Encontrarnos era siempre una renovada algarabía. Un contarse y volverse a
contar las hazañas del año, tratando de adornarlas con visos de
inverosimilitud.
Pero aquel año era distinto. Un dolor fuerte
me turbaba al tocarme los senos, que ya empezaban a asomar. Apenas unas
palabras aclaratorias de mi madre: “Para que más adelante puedas ser mamá”.
El auto dobló la última curva y allí estaba,
en la loma, la casa de los Guevara, abandonada hacía años a telarañas y
murciélagos. El aire nos trajo ese olor a tierra húmeda, a árboles aún
agobiados de rocío. Callejones sombríos de álamos, desperezo de sauces en el
río.
Era el despertar de olvidadas sensaciones. La
impaciencia por cruzar el pueblo y llegar, por fin, a la casa.
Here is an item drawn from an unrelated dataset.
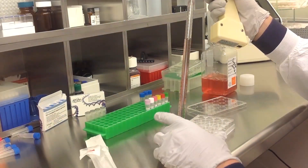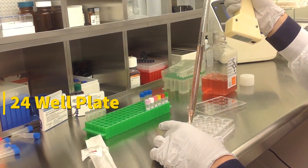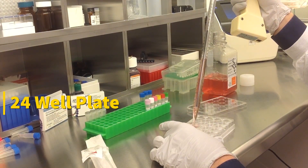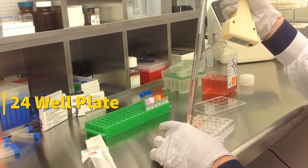Today we will be transfecting HUH7 cells obtained from ATCC. We will be using a transfection kit manufactured by Altagen Biosystems. In this tutorial, we use a 24-well plate. Transfections can be scaled up or down based on plate surface area as described in the corresponding transfection protocol, which can be found at altagen.com.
Fue a Eduardo, el mayor de mis primos, el que
vimos primero. Llevaba bombachas y botas de montar. También él había crecido.
Una barba incipiente sombreaba sus tostadas mejillas. Al besarlo medí la
sensación del júbilo.
Todo sucedió según mi ansiedad lo previera:
los demás saliendo de la casa a empujones para ver quién llegaba antes. El
correr a ponernos los trajes de baño para zambullirnos en el agua cristalina y
verde. Eduardo dejaba a veces de leer su abstrusa novela y me agarraba las
piernas mientras nadaba. No sabía por qué me enorgullecía tanto el que se
dedicara a molestarme sólo a mí, aun cuando sus bromas fueran pesadas. Un hilo
delgado pero firme nos mantenía invisiblemente ligados.
“Corramos que ya los perdimos de vista”, y
las hojas del maizal me pegaban en la cara, el sudor me empapaba la ropa.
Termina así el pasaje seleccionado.